Diesen Nachteilen herkömmlicher Methoden setzt SPECTRO eine neue, für den Pharmabereich entwickelte Applikation des SPECTRO X-LAB 2000 entgegen. Als Universal-Gerät liefert das energiedispersive Hochleistungs-RFA-System in 100 Sekunden Übersichtsanalysen von Natrium bis Uran. Die polarisierte Anregungsstrahlung mit einer fast vollständigen Unterdrückung des spektralen Untergrundes und die hohe Lichtstärke der Optik erlauben eine quantitative Analyse von Einzelelementen im ng-Bereich. Die applikationsspezifische Optimierung des Anregungssystems führt damit zu analytischen Leistungen eines wellenlängendispersiven Spektrometers beim typischen Gerätepreis eines energiedispersiven Gerätes.

Neben der Vereinheitlichung und Beschleunigung der Prozesse bei der Bestimmung essentieller Spurenelemente (etwa Fe, Cu, Zn, Cr, Se, Ca, Mg, Li, Co, Mo, I, Si, F und Mn) sowie toxisch wirkender Elemente (Cd, Mo, Pb, Hg, As, B und Sn) bietet das SPECTRO X-LAB 2000 den Vorteil einer minimalen Probenvorbereitung.

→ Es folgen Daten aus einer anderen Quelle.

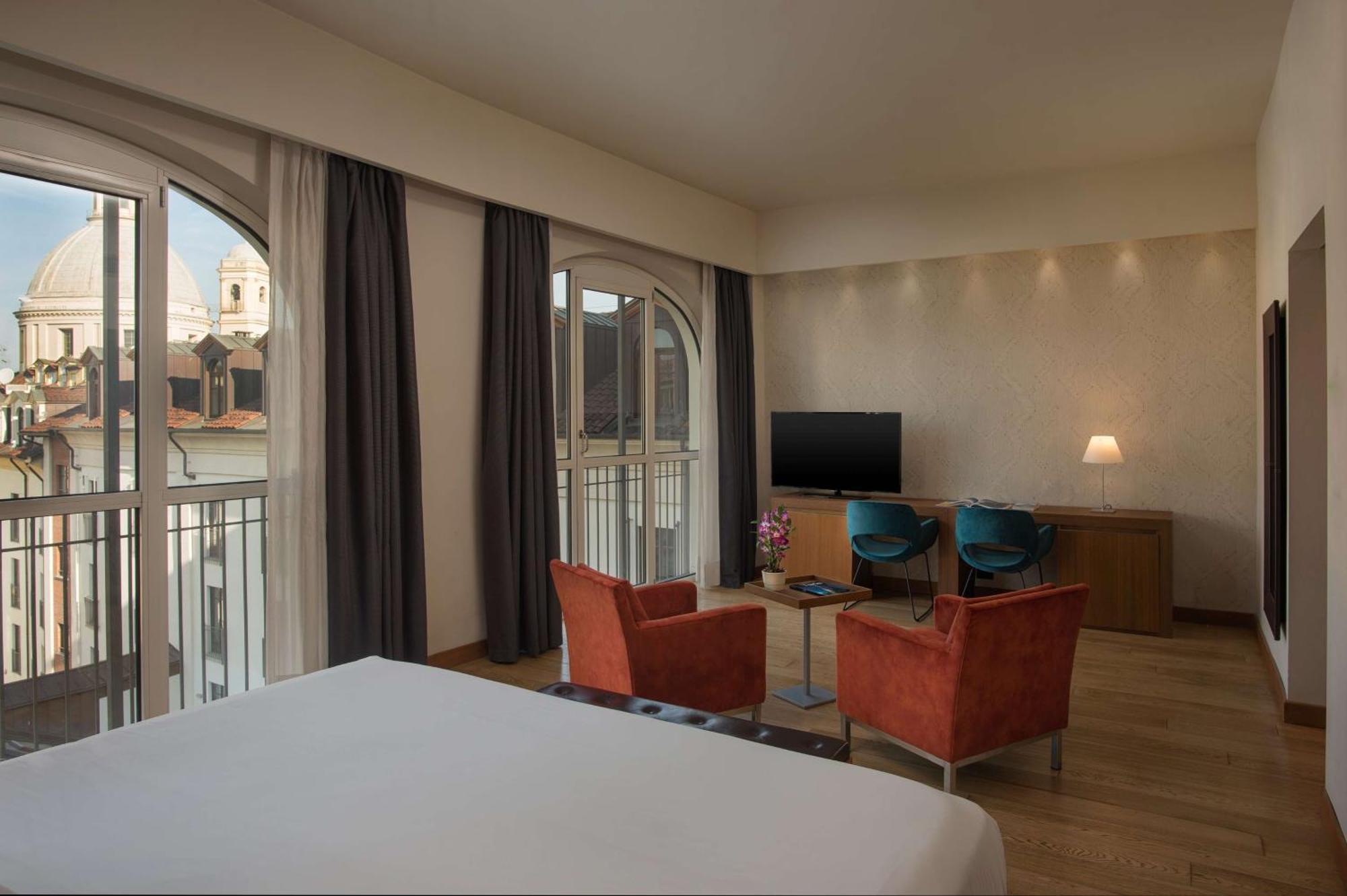 Hotel NH Collection Torino Santo Stefano Esterno foto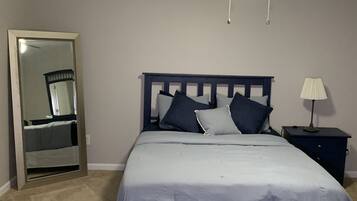 2 chambres, fer et planche à repasser, accès au Wi-Fi (inclus)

Gewöhnlich liegt die Probe bereits als gemahlenes Pulver vor. Dieses muss zur Analyse lediglich in eine Messküvette eingefüllt werden. Die Probe wird zerstörungsfrei analysiert und bleibt damit im Unterschied etwa zu nasschemischen Verfahren für weitere Untersuchungen erhalten. Zudem kann die Probe für eine gewisse Zeit archiviert werden. Wie SPECTRO betont, ist der Einsatz des SPECTRO X-LAB 2000 konform zu den in den Arzneibüchern beschriebenen Analyseverfahren.